The 85-year-old Blatter and 66-year-old Platini now face a trial within months at federal criminal court in Bellinzona.
"This payment damaged FIFA's assets and unlawfully enriched Platini," Swiss federal prosecutors said in a statement.
The case was opened in September 2015 and ousted Blatter ahead of schedule as FIFA president. It also ended then-UEFA president Platini's campaign to succeed his former mentor.
Swiss cases often take years to reach a conclusion.
The case centres on Platini's written request to FIFA in January 2011 to be paid backdated additional salary for working as a presidential adviser in Blatter's first term, from 1998-2002.
Blatter authorized FIFA to make the payment within weeks. He was preparing to campaign for re-election in a contest against Mohamed bin Hammam of Qatar, where Platini's influence with European voters was a key factor.
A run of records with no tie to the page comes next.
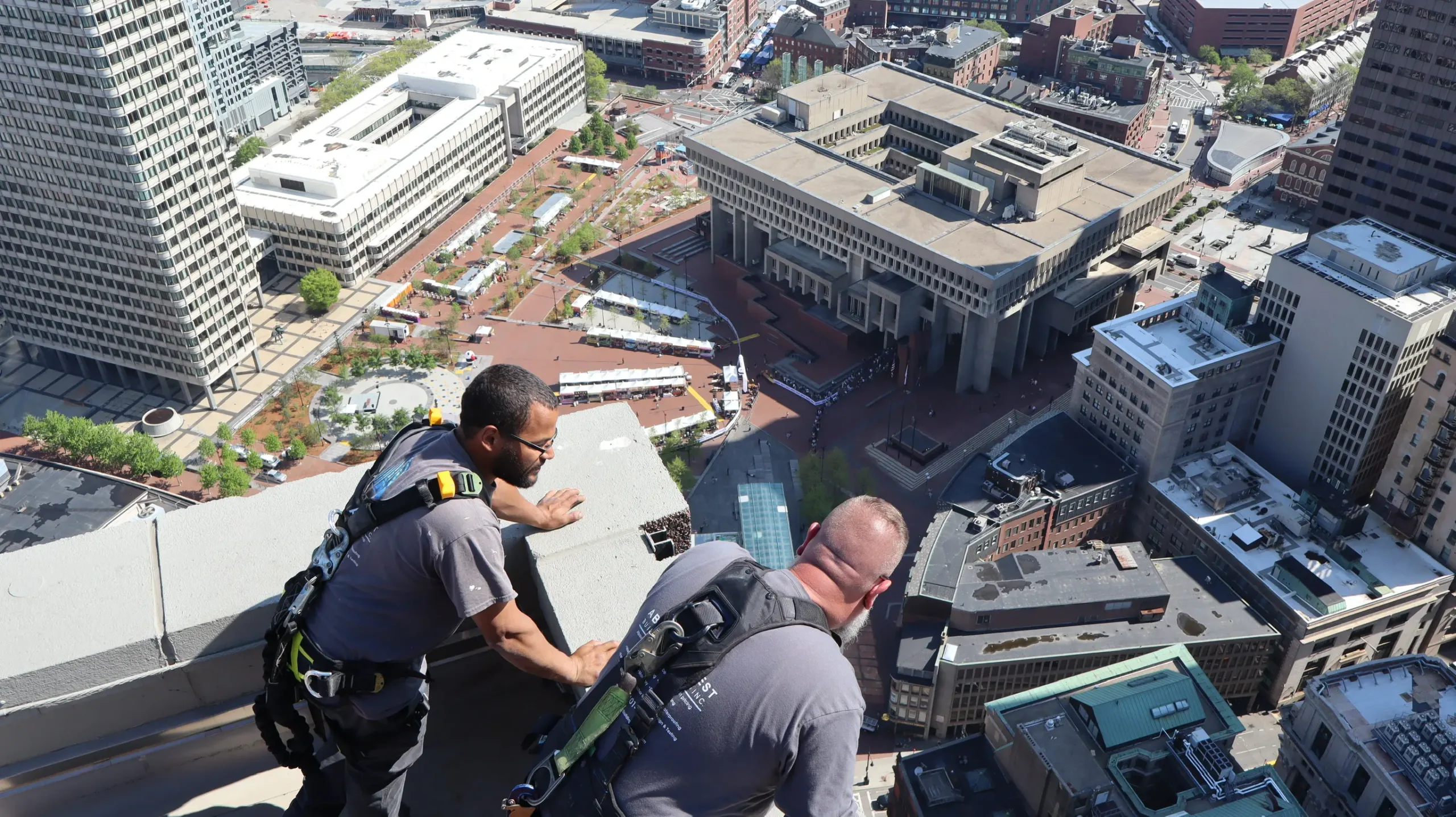 exterior maintenence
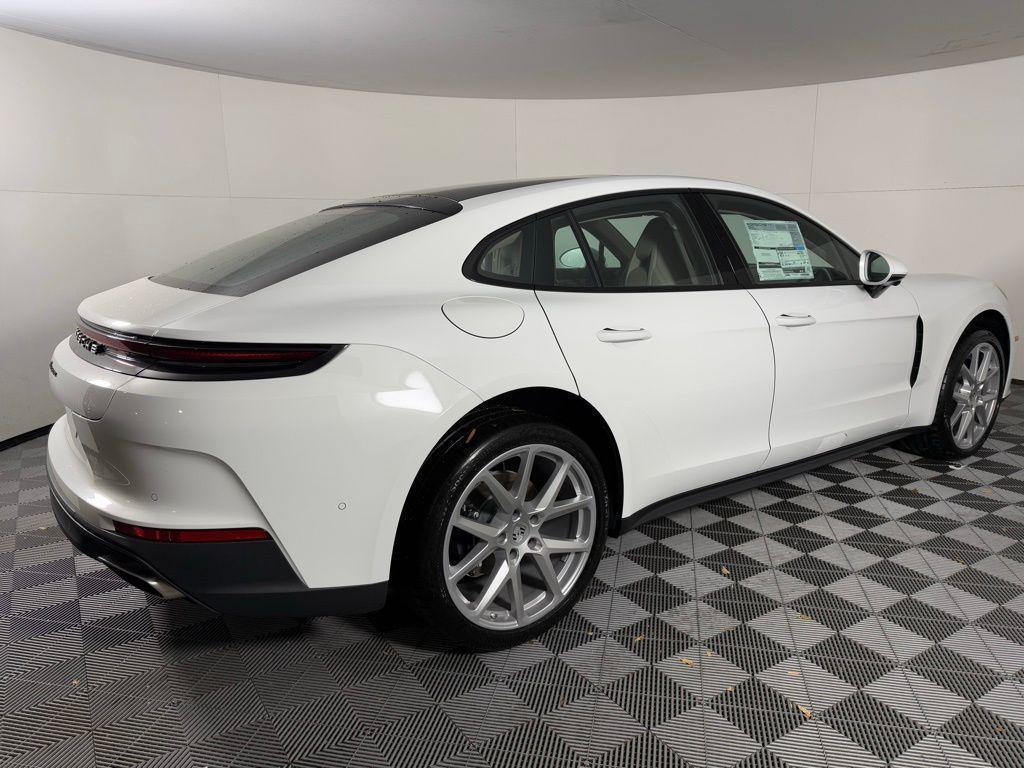 new 2026 Porsche Panamera car, priced at $127,860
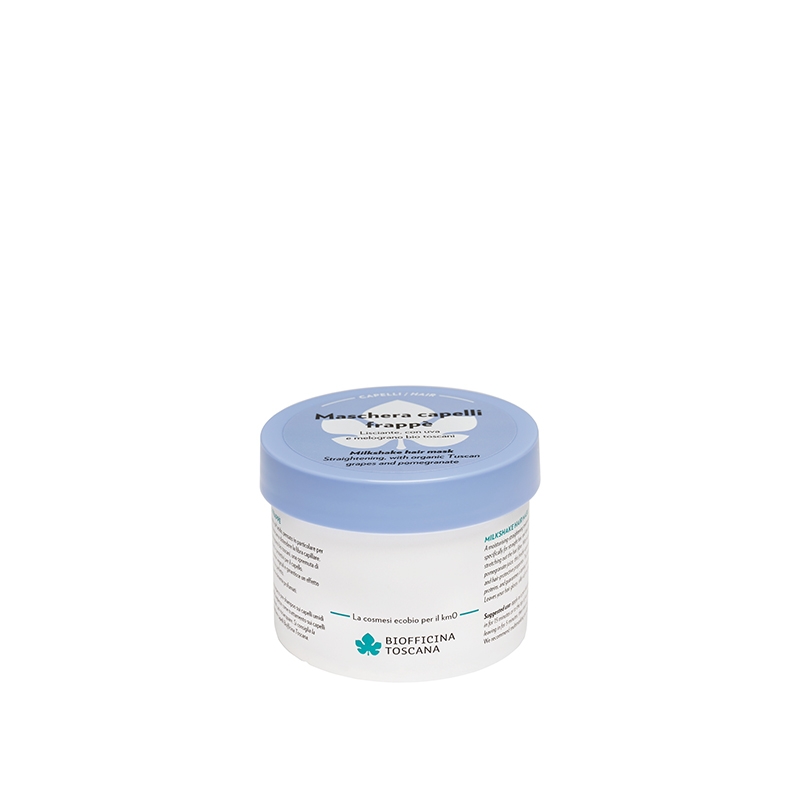 Biofficina Toscana Maschera Capelli Frappè 200ml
"The evidence gathered by the [attorney general's office] has corroborated that this payment to Platini was made without a legal basis," prosecutors said.
Both Blatter and Platini have long denied wrongdoing and cited a verbal agreement they had made, now more than 20 years ago, for the money to be paid.
Blatter has been charged with fraud, mismanagement, misappropriation of FIFA funds and forgery of a document. Platini has been charged with fraud, misappropriation, forgery and as an accomplice to Blatter's alleged mismanagement.
Platini, a French soccer great, was not placed under formal investigation until last year, and months later the more serious allegation of fraud was included against both men.
Prosecutors had opened criminal proceedings against Blatter in September 2015 ahead of a police raid at FIFA headquarters in Zurich on the day he and Platini attended a meeting of the soccer body's executive committee.
That came four months after a sweeping U.S. Department of Justice corruption investigation into world soccer was revealed with early-morning arrests of officials from the Americas at luxury hotels in Zurich.
In the fallout of those May 2015 hotel raids, and only days after being elected FIFA president for a fifth time, Blatter announced his plan to resign and call another vote to find a successor.